Sum of Absolute Errors = 3 + 2 + 4 = 9
Sum of Actual Values = 10 + 0 + 20 = 30
Percentage error = (9/30)*100 = 30

What are the shortcomings of this metric? Also does this metric have a name (I could not find it)?
Thanks
 A: There are many ways how you could normalize error metric, for example, you could divide it by a known constant that serves as a benchmark. What you are suggesting is similar to relative absolute error
$$ \mathrm{ RAE} = \frac{ \sum^N_{i=1} | \hat{\theta}_i - \theta_i | } {  \sum^N_{i=1} | \overline{\theta} - \theta_i | } $$
but notice two differences:

*

*RAE normalized by the distance from the average, rather than sum. In such a case, you compare to a benchmark. With comparing to sum the error would be get smaller as sample size would grow and generally the values may be trickier to interpret than you assume.

*What if the true values sum to zero? It is totally possible, you just need to have the data with mean equal to zero for that. If they sum to small value you have the same problem as with MAPE.

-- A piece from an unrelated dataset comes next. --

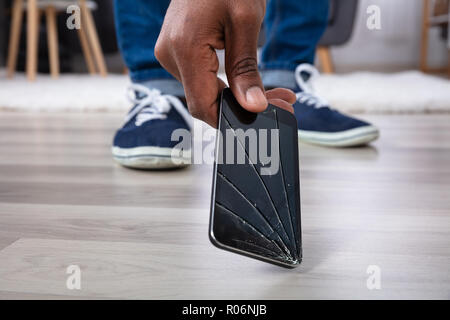 Man's Hand Picking Up Mobile Phone With Broken Screen Stock Photo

Every "relative" error metric has some edge cases where it can give strange results or be hard to interpret, that is one of the reasons why people often prefer unnormalized metrics like means absolute error, or mean squared error, etc.
A: Your error is the sum of absolute deviations, divided by the sum of the actuals. If you divide both the numerator and the denominator by the number of samples, we see that it is equal to the mean absolute deviation (or error), divided by the mean of the actuals, or shorter MAD/Mean. We wrote an accessible paper on this (Kolassa & Schütz, Foresight, 2007) and how it can be interpreted as a weighted MAPE, where the weights are just the actuals.
Since you can't influence the actuals in the denominator, minimizing this MAD/Mean or wMAPE is equivalent to minimizing the MAE. Thus, this error measure will be minimized in expectation by the conditional median, not the conditional mean, so using this error measure may give you biased forecasts, especially if your data are conditionally asymmetrically distributed, e.g., lognormally or gamma.